**Task objective**
Exactly the lines from the one containing "KTJSeniorSchool's tweet photo." through the end of the data, and nothing more, should be retyped; pictures stay out.

**Source data**
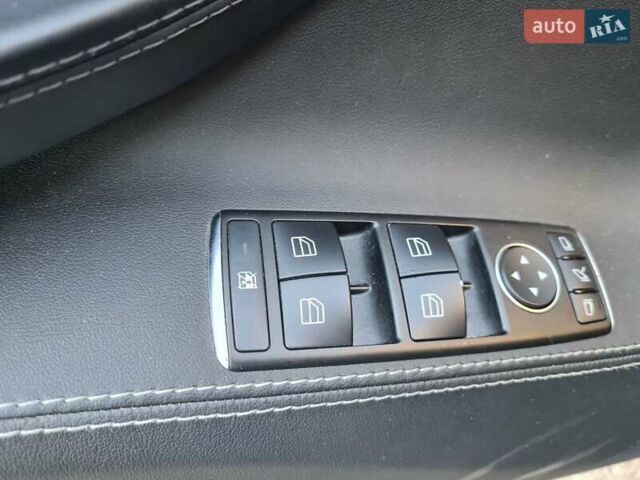 Синій Тесла Модель С, об'ємом двигуна 0 л та пробігом 155 тис. км за 14800 $, фото 10 на Automoto.ua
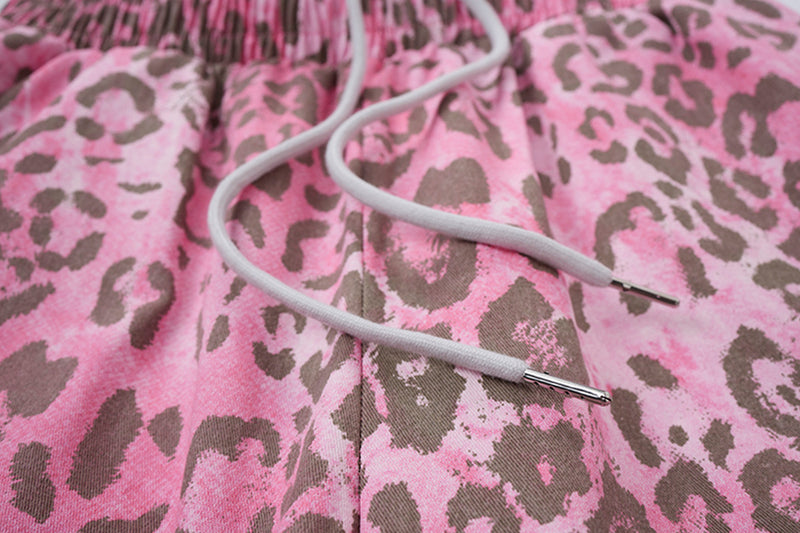 Sweathose mit weitem Bein in rosa Leopardenprint und künstlichem Doppelbund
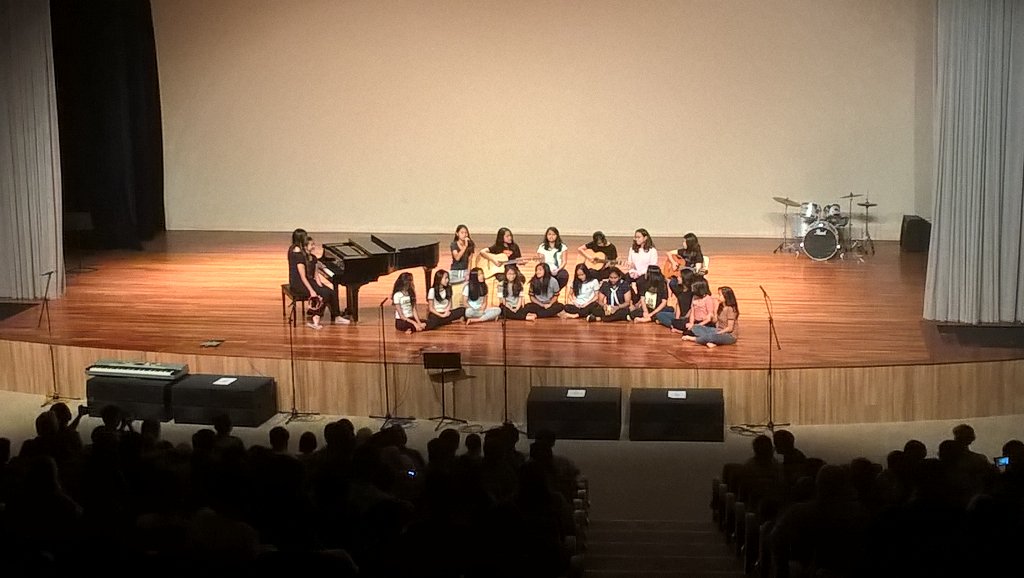 KTJSeniorSchool's tweet photo. Our junior Naquiah House on show tonight! Fantastic music and dance performance @KTJMiddleSchool @KTJ_School https://t.co/hNMzT2m0I1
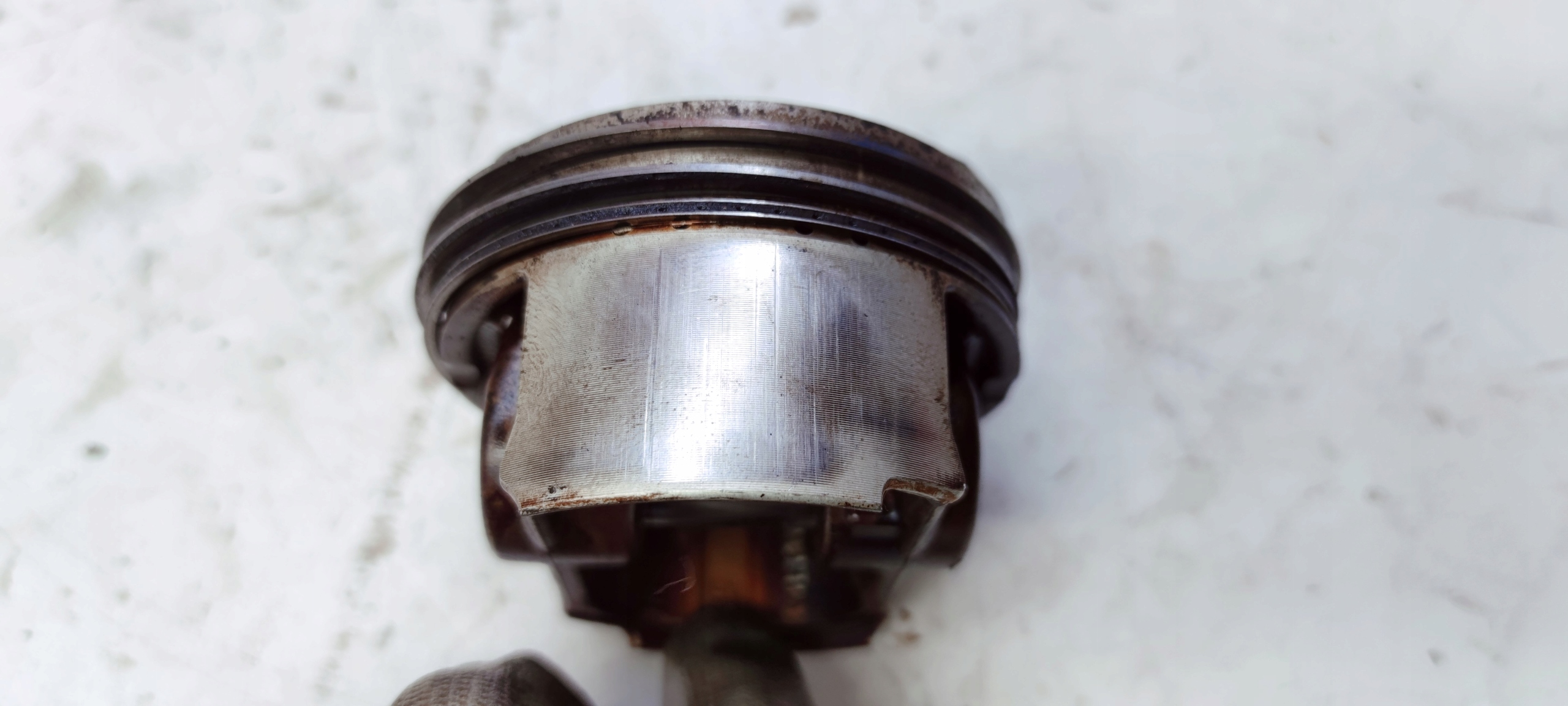 piston left AUDI 3.0TFSI CAJ 84L111 *2*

**Expected answer**
 KTJSeniorSchool's tweet photo. Our junior Naquiah House on show tonight! Fantastic music and dance performance @KTJMiddleSchool @KTJ_School https://t.co/hNMzT2m0I1
 piston left AUDI 3.0TFSI CAJ 84L111 *2*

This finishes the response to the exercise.